Durante a década de 10, a sua intervenção foi enquadrada pelo movimento cultural da Renascença Portuguesa (onde pontificavam Teixeira de Pascoaes e Jaime Cortesão),
movimento que Sérgio sempre considerou de natureza plural, por isso se
opondo à ideia de que o saudosismo de Pascoaes, cujo valor restringia ao
plano estético, poderia servir de farol para a solução do problema
nacional; pelo contrário denunciou a mania da purificação e o
parasitismo que nos inquinava desde os descobrimentos, enaltecendo o papel dos estrangeirados reformistas e dos que se inspiravam de corrente liberais cosmopolitas (Luís António Verney, Ribeiro Sanches e depois Alexandre Herculano, Almeida Garrett, Mouzinho de Albuquerque, Antero de Quental, Oliveira Martins).
No plano político, Sérgio considerou prioritária a constituição
de uma opinião pública e de uma elite, recrutada sobre a base social
mais ampla, a qual fiscalizaria os representantes eleitos - esta seria
uma condição fundamental para uma democracia efetiva, a qual, na aceção
filosófica, equivaleria ao regime em que todo o ser humano estivesse
investido da dignidade que resulta de o considerar sempre como fim em si
e nunca como meio (Kant); por isso teorizou sobre a noção de elite, para o que se inspirou em Proudhon, Gabriel Tarde e Paul de Roussiers.
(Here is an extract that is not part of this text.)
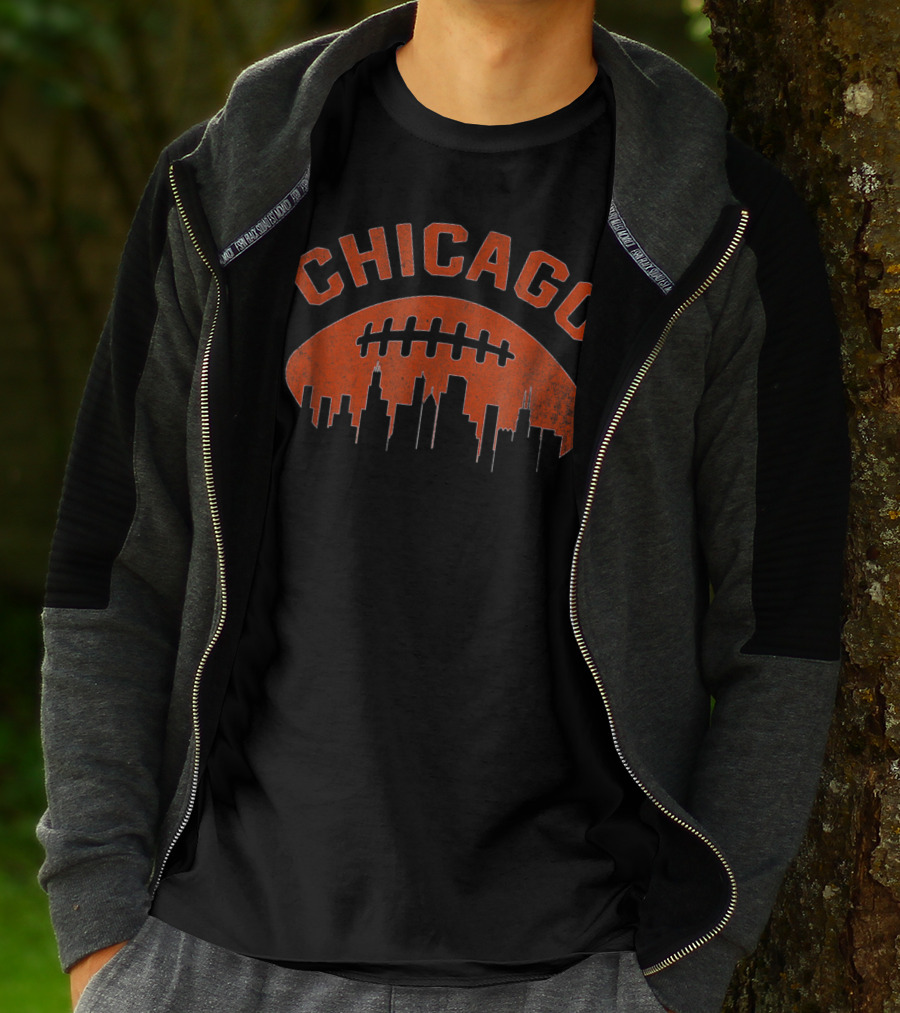 Chicago Skyline Grunge Football Vintage T-Shirt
Durante a residência em Paris de 1926 até 1933, tornou-se amigo de Paul Langevin, frequentando os cenáculos racionalistas onde Léon Brunschvicg era figura maior. Continuou entretanto a publicar os seus Ensaios,
onde os temas literários, históricos e filosóficos eram dominantes,
sempre apresentados numa perspetiva pedagógica e crítica (que se manteve
fiel às intuições maiores dos seus anos de formação) e a lutar pelo
retorno de Portugal à democracia.
Nos anos 50 rodeou-se de um grupo de jovens estudantes de ciências (entre os quais se contou João Luís Andrade e Silva, discípulo de Louis de Broglie,
que a voltar de Paris iniciou de modo consequente o ensino superior da
História das ideias científicas), para os quais escreveu as Cartas de Problemática.
Para os seus detratores (bergsonistas, nacionalistas de feição romântica ou integralista,
marxistas-leninistas), o seu pensamento foi essencialmente polémico e
datado; não obstante, o seu pensamento continuou a despertar vocações em
gente das ciências sociais e exatas, que não se reclamando seus
discípulos sentem ser decisiva a sua inspiração.
- "O desenvolvimento do capitalismo português, na sua unidade
fundamental e na diversidade das suas orientações, não determinou entre
nós um alto desenvolvimento das forças produtivas. O sistema escolar
português não ultrapassou, por isso mesmo, os limites dos estreitos
interesses económicos e culturais da burguesia. Nunca se alcançou a
democratização real da Educação e da Instrução."